Selain Gedung DPRD Jatim, tim penyidik juga menyasar kediaman pihak yang
terkait dengan kasus ini.
"Ada dua lokasi yang digeledah, yaitu Gedung DPRD
Jawa Timur meliputi ruang kerja Ketua DPRD, ruang kerja Wakil Ketua dan ruang
kerja beberapa komisi, serta rumah kediaman dari pihak yang terkait," ujar
Kabag Pemberitaan KPK Ali Fikri dalam keterangannta, Selasa (20/12/2022).
Konstruksi
Perkara
Diketahui, pimpinan DPRD Jatim terdiri
dari satu ketua dan empat wakil ketua. Posisi Ketua DPRD Jatim ditempati oleh
Kusnadi dari PDIP,
sementara empat Wakil Ketua DPRD Jatim yakni, Anik Maslachah dari PKB, Anwar
Sadad fraksi Gerindra,
Ahmad Iskandar dari Demokrat, dan Sahat Tua P Simanjuntak (STPS) fraksi Golkar.
"Dari lokasi tersebut ditemukan dan diamankan antara
lain berbagai dokumen, barang bukti elektronik dan sejumlah uang.
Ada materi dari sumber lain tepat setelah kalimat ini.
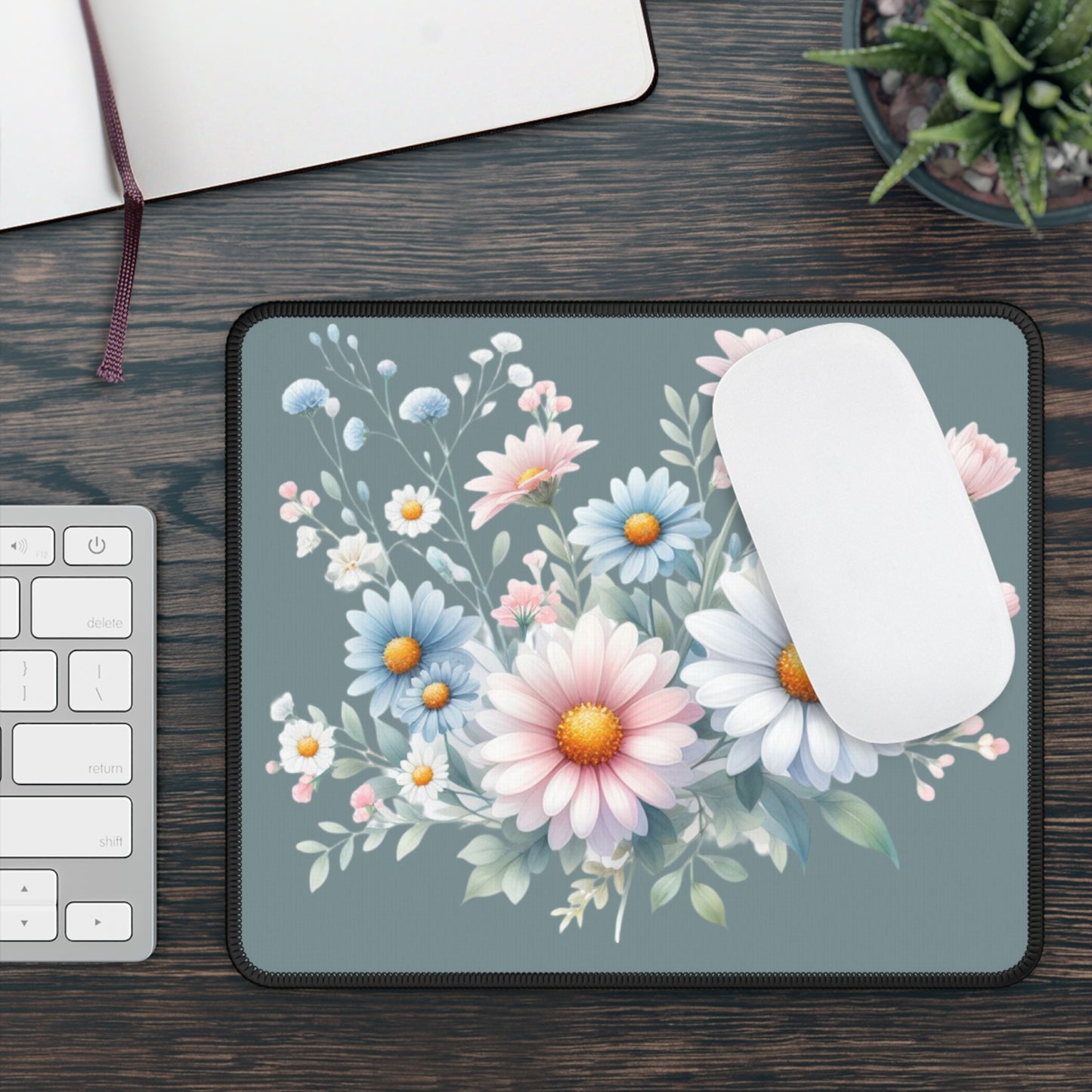 Floral Daisies Mouse Pad — Pastel Bouquet Gaming Desk Mat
Analisa dan
penyitaan segera dilakukan untuk melengkapi berkas perkara penyidikan Tersangka
STPS dan lainnya," kata Ali.
KPK menetapkan Wakil Ketua DPRD Jawa Timur (Jatim) Sahat
Tua P Simandjuntak (STPS) sebagai tersangka kasus dugaan suap dalam pengelolaan
dana hibah provinsi Jatim.
Selain Sahat, KPK juga menjerat tiga tersangka lainnya,
yakni Rusdi selaku Staf Ahli Sahat, Kepala Desa Jelgung Kecamatan Robatal
Kabupaten Sampang sekaligus selaku Koordinator Kelompok Masyarakat (Pokmas)
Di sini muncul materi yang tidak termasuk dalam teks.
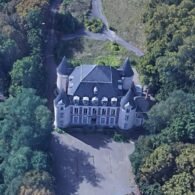 Cyclist Castle / Château du Cycliste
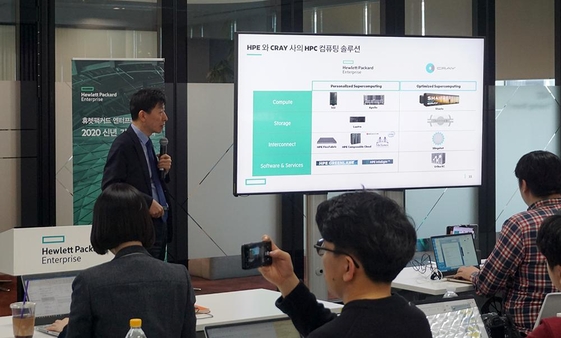 유충근 한국 HPE 하이브리드 IT 사업부 상무가 자사의 새로운 HPC 솔루션 및 전략을 소개하고 있다. / 최용석 기자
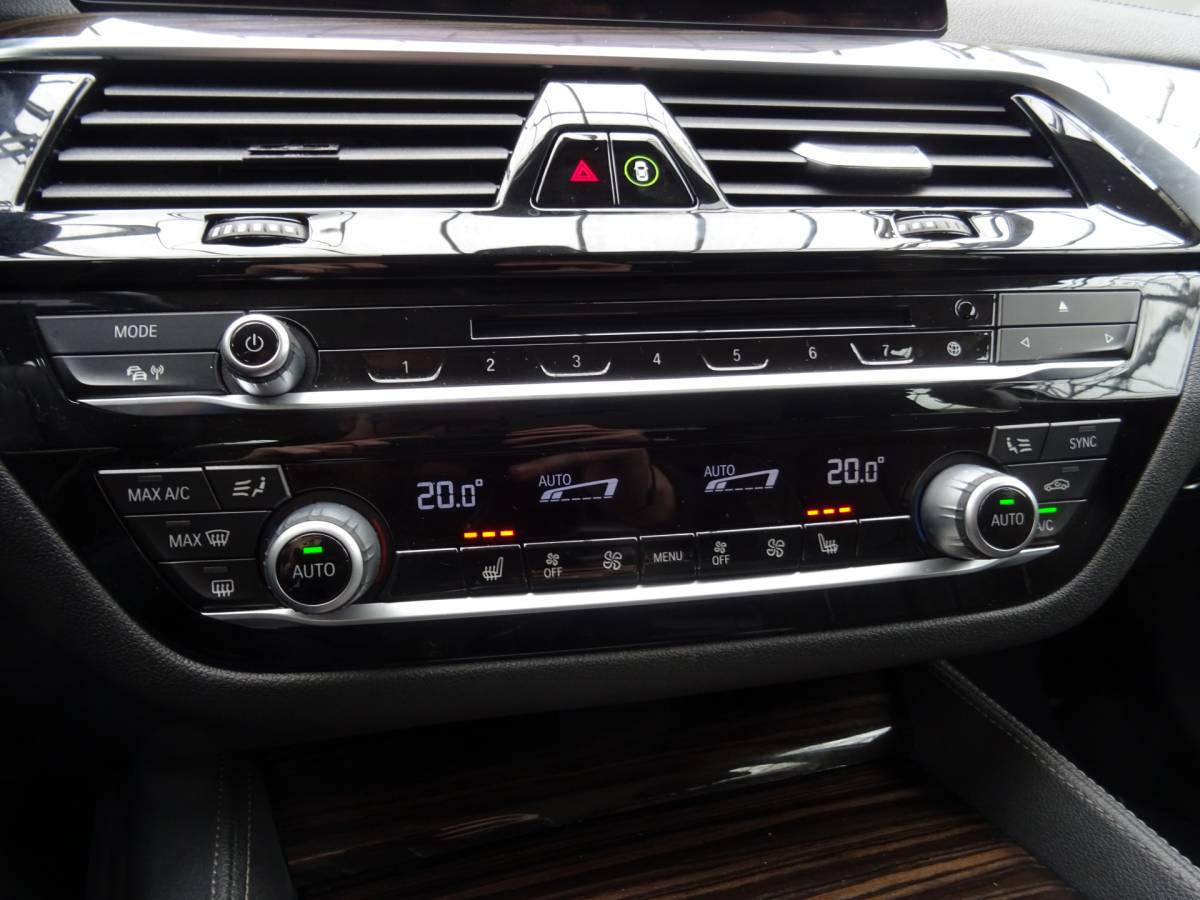 BMW 5 Serie BMW 5-serie Touring 530i High Executive * LED * GR NAVI * LEER !!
Abdul Hamid, dan Koordinator Lapangan Pokmas bernama Ilham Wahyudi alias Eeng.
KPK menyebut, untuk tahun anggaran 2020 dan 2021 dalam
APBD Pemprov Jatim merealisasikan dana belanja hibah dengan jumlah seluruhnya
sekitar Rp 7,8 triliun kepada badan, lembaga, hingga organisasi kemasyarakatan
(ormas) yang ada di Pemprov Jatim.
Distribusi penyalurannya antara lain melalui Kelompok
Masyarakat (Pokmas) untuk proyek infrastruktur hingga sampai tingkat pedesaan.
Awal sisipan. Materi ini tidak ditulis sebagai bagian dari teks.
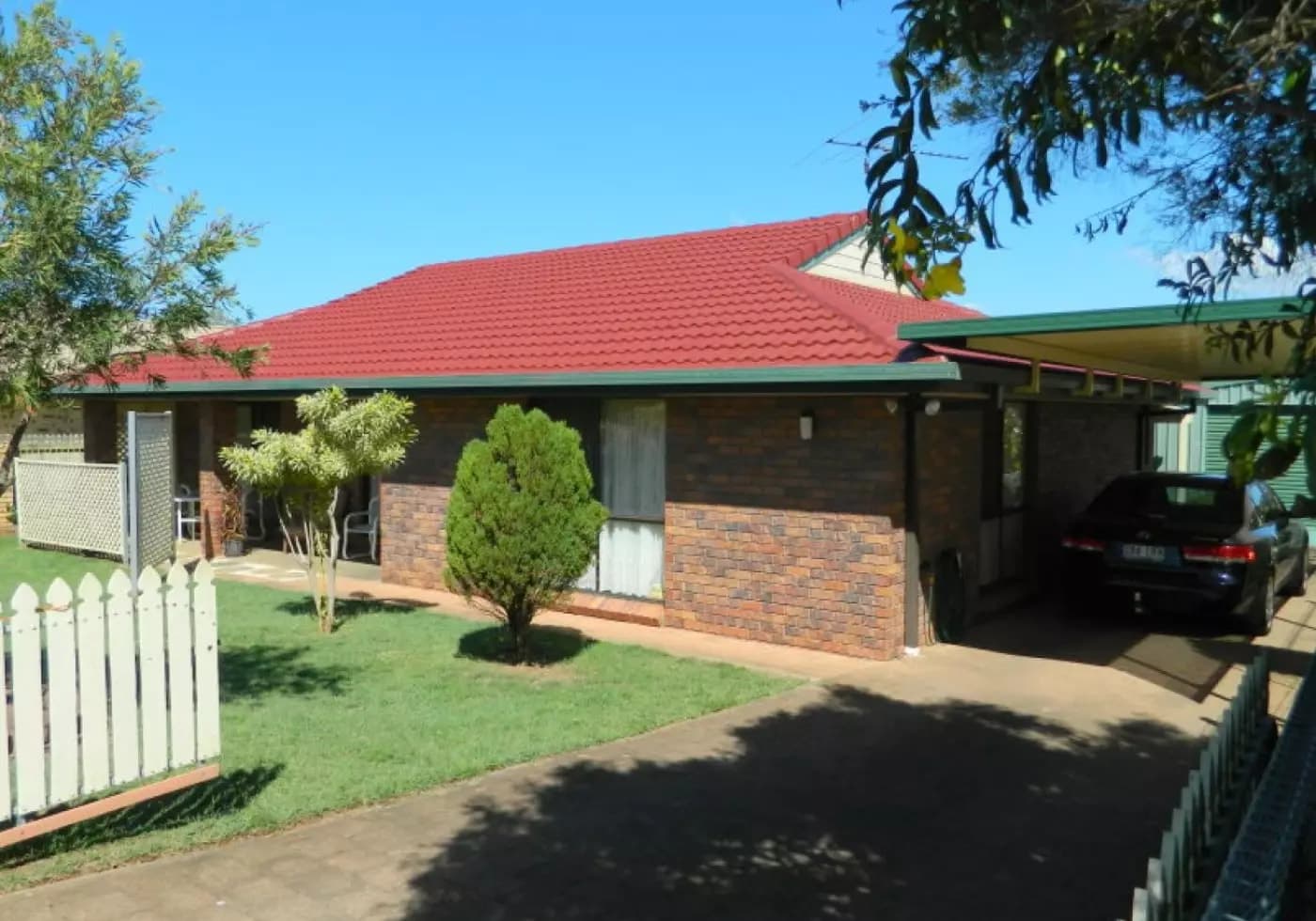 26 Tainton Street, Clontarf, Clontarf - Thumbnail 2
Terkait pengusulan dana belanja hibah tersebut merupakan penyampaian aspirasi
dan usulan dari para anggota DPRD Jatim, salah satunya adalah Sahat.
Sahat menawarkan diri membantu dan memperlancar
pengusulan pemberian dana hibah tersebut dengan adanya kesepakatan pemberian
sejumlah uang sebagai uang muka alias ijon. Kemudian Abdul Hamid menerima
tawaran tersebut.
Diduga Sahat mendapat bagian 20 persen dari nilai
penyaluran dana hibah yang akan disalurkan sedangkan Abdul Hamid mendapatkan
bagian 10 persen. Adapun besaran nilai dana hibah yaitu di tahun 2021 dan 2022
telah disalurkan masing-masing sebesar Rp 40 miliar.
Agar alokasi dana hibah untuk tahun 2023 dan 2024 bisa
kembali diperoleh Pokmas, Abdul Hamid kemudian kembali menghubungi Sahat dan
sepakat menyerahkan sejumlah uang sebagai ijon sebesar Rp 2 miliar.
Realisasi uang ijon tersebut dilakukan pada Rabu
(13/12/2022) dimana Abdul Hamid melakukan penarikan tunai sebesar Rp 1 miliar
dalam pecahan mata uang rupiah di
salah satu Bank di Sampang dan kemudian menyerahkannya pada Eeng untuk dibawa
ke Surabaya.
Eeng pun menyerahkan uang Rp 1 miliar tersebut pada Rusdi
sebagai orang kepercayaan Sahat di salah satu mal di Surabaya. Setelah uang
diterima, Sahat memerintahkan Rusdi menukar uang Rp 1 miliar tersebut di salah
satu money changer dalam bentuk pecahan mata uang SGD dan USD.
Rusdi kemudian menyerahkan uang tersebut pada Sahat di
salah satu ruangan yang ada di gedung DPRD Provinsi Jawa Timur. Sedangkan sisa
Rp 1 miliar yang dijanjikan Abdul Hamid akan diberikan pada Jumat (16/12/2022).
Diduga dari pengurusan alokasi dana hibah untuk Pokmas, Sahat telah menerima
uang sekitar Rp 5 miliar.
Atas perbuatannya, Abdul Hamid dan Eeng sebagai penyusp
disangkakan melanggar Pasal 5 ayat (1) huruf a atau b atau Pasal 13 UU Nomor 31
Tahun 1999 sebagaimana telah diubah dengan UU Nomor 20 Tahun 2001 tentang
Pemberantasan Tindak Pidana Korupsi Jo Pasal 55 ayat (1) ke 1 KUHP.
Sementara Sahat dan Rusdi sebagai penerima disangka
melanggar Pasal 12 huruf a atau huruf b atau b Jo Pasal 11 UU Nomor 31 Tahun
1999 sebagaimana diubah dengan UU Nomor 20 Tahun 2001 tentang Pemberantasan
Tindak Pidana Korupsi Jo Pasal 55 ayat 1 ke 1 KUHP.